The five cities program is aimed at stimulating demand for hydrogen
fueling, accelerating the expansion of the region’s hydrogen fueling
network, and educating the public on hydrogen-fueled vehicles. City of
Riverside officials plan to use the five Priuses in everyday city fleet
driving as well as showcase them to community groups, neighborhood
associations and schools.
The total cost for the project is more than $7 million, including:
- A contract for $2.16 million awarded by AQMD to Quantum Fuel
Systems Technologies Worldwide, Inc. of Irvine to design, convert, test,
certify and maintain the hydrogen Priuses;
- Contracts for $3.9 million awarded by AQMD to Air Products and
Chemicals Inc., headquartered in Allentown, Penn., to install and
demonstrate hydrogen fueling stations at the five cities;
- Purchase of 30 Priuses, paid for by individual cities and AQMD, for
$750,000; and
- Preparation of cities’ fueling sites, paid for by cities and estimated
at a total of approximately $500,000.
In Riverside, Burbank, and Santa Monica, hydrogen will be generated with
electrolyzer units that use electricity to separate hydrogen from water.
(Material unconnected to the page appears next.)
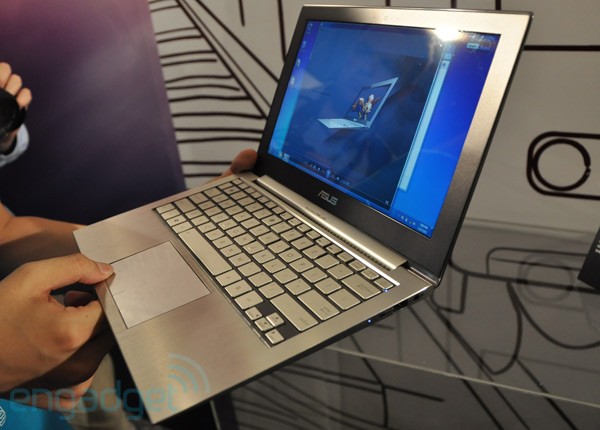 Asus UX21 Laptop Takes On the MacBook Air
In
Santa Ana and Ontario, Air Products has installed a mobile hydrogen-fueling
unit mounted on a trailer. All cities’ hydrogen fueling stations are now
operational except for Santa Monica, which is scheduled to open this
spring. Each station will be capable of filling 10 vehicles per day and in
the future could be expanded to fill up to 20 vehicles per day.
Each hydrogen-fueled Prius has a compressed gas fuel cylinder that holds
up to 1.6 kilograms of hydrogen, giving the vehicles a range of up to 80
miles per fill. (One kilogram of hydrogen is roughly equivalent to the
energy content of one gallon of gasoline.)
The Priuses meet the state of California’s strict Super Ultra Low
Emission Vehicle standard for smog-forming nitrogen oxides, and unlike their
gasoline-fueled counterparts, they have no carbon monoxide, carbon dioxide
or hydrocarbon emissions.
The five cities’ hydrogen fueling sites add to a growing network of
hydrogen stations in the Southland. Three other stations -- at AQMD
headquarters in Diamond Bar, LAX and Sunline Transit Agency in Thousand
Palms -- now are operational. An additional two stations, at UC Irvine and
in Torrance, are scheduled to open by the end of the year. All 10 stations
will provide hydrogen for fuel cell and internal-combustion engine vehicles.
AQMD is the air pollution control agency for Orange County and major
portions of Los Angeles, San Bernardino and Riverside counties.